DATASET RECORDS:
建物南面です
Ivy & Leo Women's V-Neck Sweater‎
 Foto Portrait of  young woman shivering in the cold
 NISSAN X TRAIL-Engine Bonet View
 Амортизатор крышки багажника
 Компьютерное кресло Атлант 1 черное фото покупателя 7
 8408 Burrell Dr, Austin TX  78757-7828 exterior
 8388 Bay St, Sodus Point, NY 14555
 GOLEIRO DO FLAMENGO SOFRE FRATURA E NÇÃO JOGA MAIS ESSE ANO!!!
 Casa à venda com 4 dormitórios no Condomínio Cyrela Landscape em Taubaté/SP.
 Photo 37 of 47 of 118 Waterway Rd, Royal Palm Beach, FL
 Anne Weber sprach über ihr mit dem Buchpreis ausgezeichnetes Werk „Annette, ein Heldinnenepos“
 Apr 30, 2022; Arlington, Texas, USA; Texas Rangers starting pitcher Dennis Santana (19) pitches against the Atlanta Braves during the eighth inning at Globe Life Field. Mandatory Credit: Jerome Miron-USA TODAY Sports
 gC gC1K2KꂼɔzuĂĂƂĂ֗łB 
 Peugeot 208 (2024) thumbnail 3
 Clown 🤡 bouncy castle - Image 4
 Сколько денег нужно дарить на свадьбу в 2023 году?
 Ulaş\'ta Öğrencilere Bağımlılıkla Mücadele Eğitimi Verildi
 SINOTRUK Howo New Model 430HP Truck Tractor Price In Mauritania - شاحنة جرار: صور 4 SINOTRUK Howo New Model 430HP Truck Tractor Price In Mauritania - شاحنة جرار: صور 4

ABOUT THIS TASK: In the listing above, find the line containing "Photo 37 of" and the line containing "Peugeot 208 (2024) thumbnail 3", then repeat those two lines and everything between them exactly.

YOUR RESPONSE:
 Photo 37 of 47 of 118 Waterway Rd, Royal Palm Beach, FL
 Anne Weber sprach über ihr mit dem Buchpreis ausgezeichnetes Werk „Annette, ein Heldinnenepos“
 Apr 30, 2022; Arlington, Texas, USA; Texas Rangers starting pitcher Dennis Santana (19) pitches against the Atlanta Braves during the eighth inning at Globe Life Field. Mandatory Credit: Jerome Miron-USA TODAY Sports
 gC gC1K2KꂼɔzuĂĂƂĂ֗łB 
 Peugeot 208 (2024) thumbnail 3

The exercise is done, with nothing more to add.